After getting the Service running, the next thing I needed was a way to route external HTTP traffic to it. That's where Ingress comes in — and I went with the HAProxy ingress controller.
Installing the HAProxy ingress controller
helm repo add haproxytech https://haproxytech.github.io/helm-charts
helm repo update
helm install haproxy-ingress haproxytech/kubernetes-ingress \
--namespace ingress-controller \
--create-namespace
Then I checked it came up:
kubectl get pods -n ingress-controller
Writing the Ingress resource
apiVersion: networking.k8s.io/v1
kind: Ingress
metadata:
name: my-app-ingress
annotations:
kubernetes.io/ingress.class: haproxy
spec:
rules:
- host: my-app.example.com
http:
paths:
- path: /
pathType: Prefix
backend:
service:
name: my-app-service
port:
number: 80
The host field is the domain I want to route.
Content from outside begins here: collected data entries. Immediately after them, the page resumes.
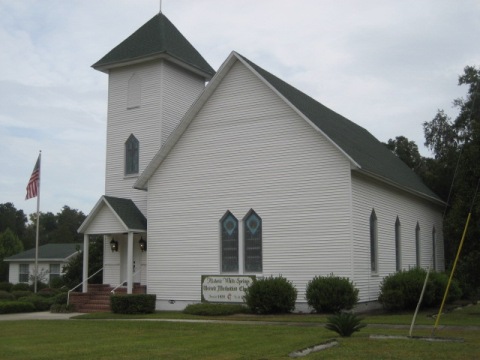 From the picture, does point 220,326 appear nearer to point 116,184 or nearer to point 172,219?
point 172,219

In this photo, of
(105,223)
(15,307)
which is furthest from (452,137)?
(15,307)

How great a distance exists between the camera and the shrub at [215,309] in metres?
25.0

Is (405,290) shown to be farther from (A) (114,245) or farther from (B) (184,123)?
(A) (114,245)

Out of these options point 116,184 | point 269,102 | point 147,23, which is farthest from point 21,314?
point 147,23

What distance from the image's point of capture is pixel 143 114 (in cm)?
3328

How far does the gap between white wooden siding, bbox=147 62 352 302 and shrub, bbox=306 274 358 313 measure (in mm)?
947

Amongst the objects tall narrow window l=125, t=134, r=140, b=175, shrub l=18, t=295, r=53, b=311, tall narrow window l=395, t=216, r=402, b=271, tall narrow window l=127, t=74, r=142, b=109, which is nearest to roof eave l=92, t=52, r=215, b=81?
tall narrow window l=127, t=74, r=142, b=109

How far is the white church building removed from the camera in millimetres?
25281

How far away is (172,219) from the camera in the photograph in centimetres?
2894

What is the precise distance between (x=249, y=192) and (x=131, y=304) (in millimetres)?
6605

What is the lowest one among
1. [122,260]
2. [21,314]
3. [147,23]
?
[21,314]

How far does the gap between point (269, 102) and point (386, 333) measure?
1242 cm

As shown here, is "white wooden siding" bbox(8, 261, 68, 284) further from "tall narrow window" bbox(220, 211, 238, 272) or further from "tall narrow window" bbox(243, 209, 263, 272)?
"tall narrow window" bbox(243, 209, 263, 272)

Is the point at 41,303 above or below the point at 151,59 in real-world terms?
below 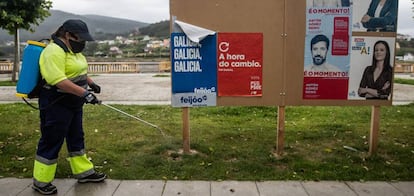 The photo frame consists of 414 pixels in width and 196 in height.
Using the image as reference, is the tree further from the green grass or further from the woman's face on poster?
the woman's face on poster

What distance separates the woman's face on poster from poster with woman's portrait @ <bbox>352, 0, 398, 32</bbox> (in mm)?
198

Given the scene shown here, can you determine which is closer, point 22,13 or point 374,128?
point 374,128

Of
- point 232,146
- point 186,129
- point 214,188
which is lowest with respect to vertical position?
point 214,188

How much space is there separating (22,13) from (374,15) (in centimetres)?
1265

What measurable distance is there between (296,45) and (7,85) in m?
13.9

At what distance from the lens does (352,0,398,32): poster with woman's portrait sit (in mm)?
4905

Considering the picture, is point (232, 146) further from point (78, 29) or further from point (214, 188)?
point (78, 29)

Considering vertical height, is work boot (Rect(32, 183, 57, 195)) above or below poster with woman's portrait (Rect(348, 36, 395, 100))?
below

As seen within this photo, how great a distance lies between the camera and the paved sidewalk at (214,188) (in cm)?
408

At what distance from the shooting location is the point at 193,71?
16.4 ft

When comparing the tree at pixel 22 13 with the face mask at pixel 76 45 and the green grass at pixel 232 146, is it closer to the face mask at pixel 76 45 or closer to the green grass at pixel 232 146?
the green grass at pixel 232 146

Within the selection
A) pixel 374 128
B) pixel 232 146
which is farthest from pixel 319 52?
pixel 232 146

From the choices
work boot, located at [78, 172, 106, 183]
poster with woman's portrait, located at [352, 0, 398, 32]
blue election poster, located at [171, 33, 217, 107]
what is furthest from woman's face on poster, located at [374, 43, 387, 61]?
work boot, located at [78, 172, 106, 183]

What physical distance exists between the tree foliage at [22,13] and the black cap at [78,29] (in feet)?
33.2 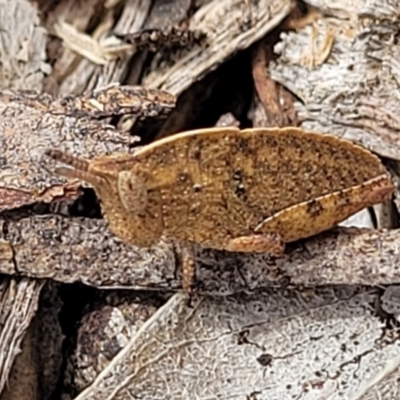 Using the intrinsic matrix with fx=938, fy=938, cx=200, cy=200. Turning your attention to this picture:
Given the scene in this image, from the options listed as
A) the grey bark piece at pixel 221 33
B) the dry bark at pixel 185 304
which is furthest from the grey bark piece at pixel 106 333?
the grey bark piece at pixel 221 33

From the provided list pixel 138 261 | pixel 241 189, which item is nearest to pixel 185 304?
pixel 138 261

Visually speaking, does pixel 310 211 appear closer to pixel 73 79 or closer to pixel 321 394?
pixel 321 394

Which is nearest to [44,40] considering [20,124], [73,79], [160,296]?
[73,79]

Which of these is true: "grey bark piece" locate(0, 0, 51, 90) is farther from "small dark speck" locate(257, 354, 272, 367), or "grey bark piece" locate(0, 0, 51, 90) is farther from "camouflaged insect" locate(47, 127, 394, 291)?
"small dark speck" locate(257, 354, 272, 367)

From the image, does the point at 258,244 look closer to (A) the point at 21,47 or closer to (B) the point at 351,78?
(B) the point at 351,78

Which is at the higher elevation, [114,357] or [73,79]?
[73,79]

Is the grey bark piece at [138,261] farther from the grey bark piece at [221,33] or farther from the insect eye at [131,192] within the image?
the grey bark piece at [221,33] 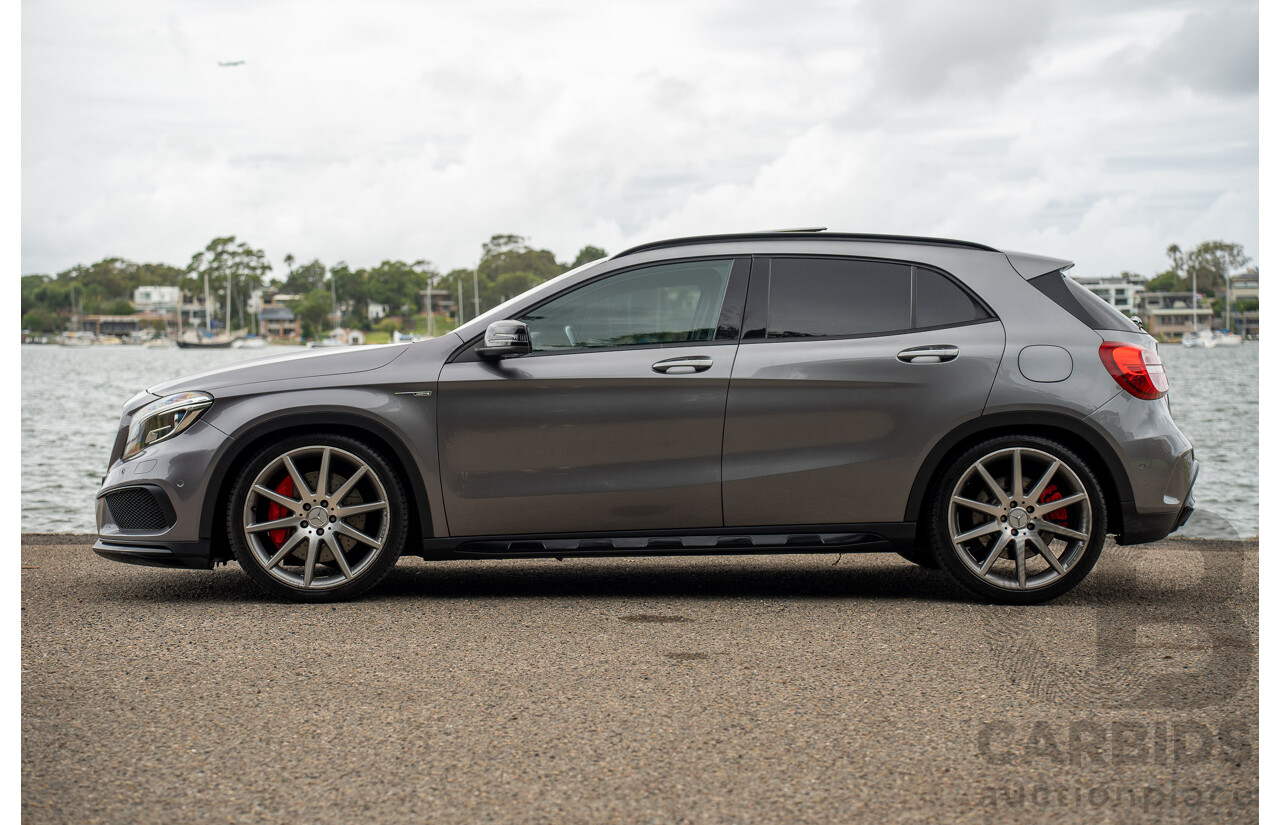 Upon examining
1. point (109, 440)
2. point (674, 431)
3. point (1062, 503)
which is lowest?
point (109, 440)

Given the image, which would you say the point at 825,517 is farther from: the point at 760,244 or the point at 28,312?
the point at 28,312

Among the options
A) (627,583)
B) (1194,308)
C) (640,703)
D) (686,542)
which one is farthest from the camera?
(1194,308)

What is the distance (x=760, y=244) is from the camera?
5930mm

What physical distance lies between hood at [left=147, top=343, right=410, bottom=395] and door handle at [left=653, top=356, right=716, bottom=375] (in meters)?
1.21

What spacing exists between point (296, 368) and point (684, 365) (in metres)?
1.82

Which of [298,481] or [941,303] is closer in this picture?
[298,481]

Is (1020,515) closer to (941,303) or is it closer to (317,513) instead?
(941,303)

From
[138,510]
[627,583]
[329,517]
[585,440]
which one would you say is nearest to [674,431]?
[585,440]

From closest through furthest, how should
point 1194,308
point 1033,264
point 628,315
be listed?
point 628,315, point 1033,264, point 1194,308

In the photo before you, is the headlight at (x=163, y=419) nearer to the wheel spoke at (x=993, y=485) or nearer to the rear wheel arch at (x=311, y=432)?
the rear wheel arch at (x=311, y=432)

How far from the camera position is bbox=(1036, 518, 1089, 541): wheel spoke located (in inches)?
222

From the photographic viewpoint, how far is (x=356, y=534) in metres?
5.66

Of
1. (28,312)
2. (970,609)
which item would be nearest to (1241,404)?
(970,609)

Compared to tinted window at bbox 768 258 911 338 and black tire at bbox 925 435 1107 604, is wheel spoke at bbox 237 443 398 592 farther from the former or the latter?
black tire at bbox 925 435 1107 604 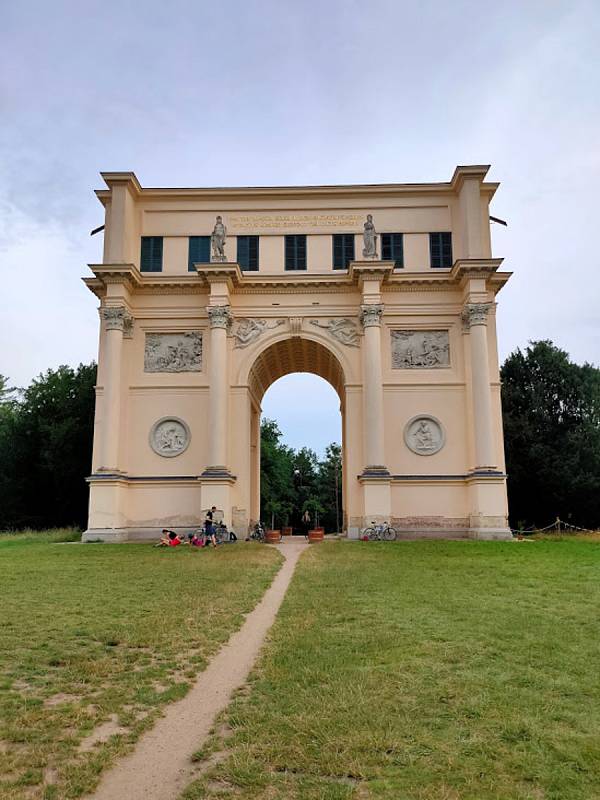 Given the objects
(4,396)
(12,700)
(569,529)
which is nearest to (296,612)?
(12,700)

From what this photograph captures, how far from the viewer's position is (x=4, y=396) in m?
57.9

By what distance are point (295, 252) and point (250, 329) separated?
15.7ft

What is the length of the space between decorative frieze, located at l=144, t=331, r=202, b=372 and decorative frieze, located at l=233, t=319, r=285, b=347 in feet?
6.62

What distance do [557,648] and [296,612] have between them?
489cm

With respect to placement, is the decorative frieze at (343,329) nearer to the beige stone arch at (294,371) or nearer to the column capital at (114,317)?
the beige stone arch at (294,371)

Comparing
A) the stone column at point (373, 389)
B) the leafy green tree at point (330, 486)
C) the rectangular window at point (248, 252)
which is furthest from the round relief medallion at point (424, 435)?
the leafy green tree at point (330, 486)

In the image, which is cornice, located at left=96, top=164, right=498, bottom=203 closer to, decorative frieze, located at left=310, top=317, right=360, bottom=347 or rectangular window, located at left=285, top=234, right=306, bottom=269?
rectangular window, located at left=285, top=234, right=306, bottom=269

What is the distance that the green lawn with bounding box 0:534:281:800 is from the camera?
18.7 feet

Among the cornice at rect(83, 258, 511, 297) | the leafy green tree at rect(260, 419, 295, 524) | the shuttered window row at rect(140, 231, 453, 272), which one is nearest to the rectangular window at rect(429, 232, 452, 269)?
the shuttered window row at rect(140, 231, 453, 272)

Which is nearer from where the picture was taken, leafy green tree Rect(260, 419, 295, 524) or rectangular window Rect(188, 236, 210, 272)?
rectangular window Rect(188, 236, 210, 272)

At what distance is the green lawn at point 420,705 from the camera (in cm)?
516

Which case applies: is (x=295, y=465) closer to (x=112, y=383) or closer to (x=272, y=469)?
(x=272, y=469)

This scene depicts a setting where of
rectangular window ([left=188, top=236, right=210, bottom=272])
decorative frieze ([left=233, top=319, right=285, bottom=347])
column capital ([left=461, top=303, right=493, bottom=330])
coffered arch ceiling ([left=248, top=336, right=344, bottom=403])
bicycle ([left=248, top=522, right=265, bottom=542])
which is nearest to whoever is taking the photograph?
bicycle ([left=248, top=522, right=265, bottom=542])

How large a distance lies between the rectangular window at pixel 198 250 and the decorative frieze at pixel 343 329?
6.69 meters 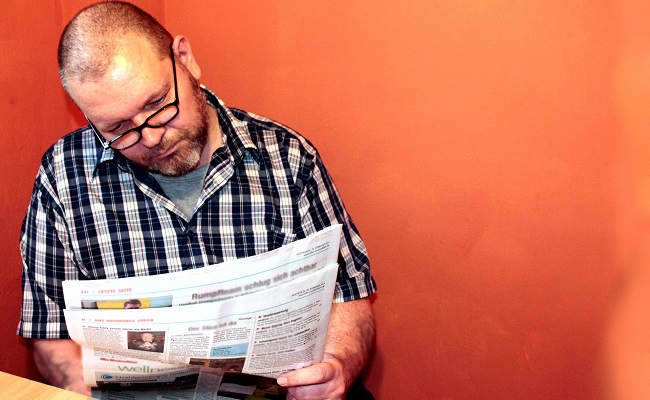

The backend.service.name matches the Service I created earlier — that chain of connections (Deployment → Service → Ingress) is the pattern that keeps repeating in Kubernetes.
Applying it
kubectl apply -f ingress.yaml
kubectl get ingress
Testing it locally
If I don't have a real domain yet, I can fake it by adding an entry to /etc/hosts:
127.0.0.1 my-app.example.com
Then hitting http://my-app.example.com routes traffic through HAProxy into the service and down to the pods.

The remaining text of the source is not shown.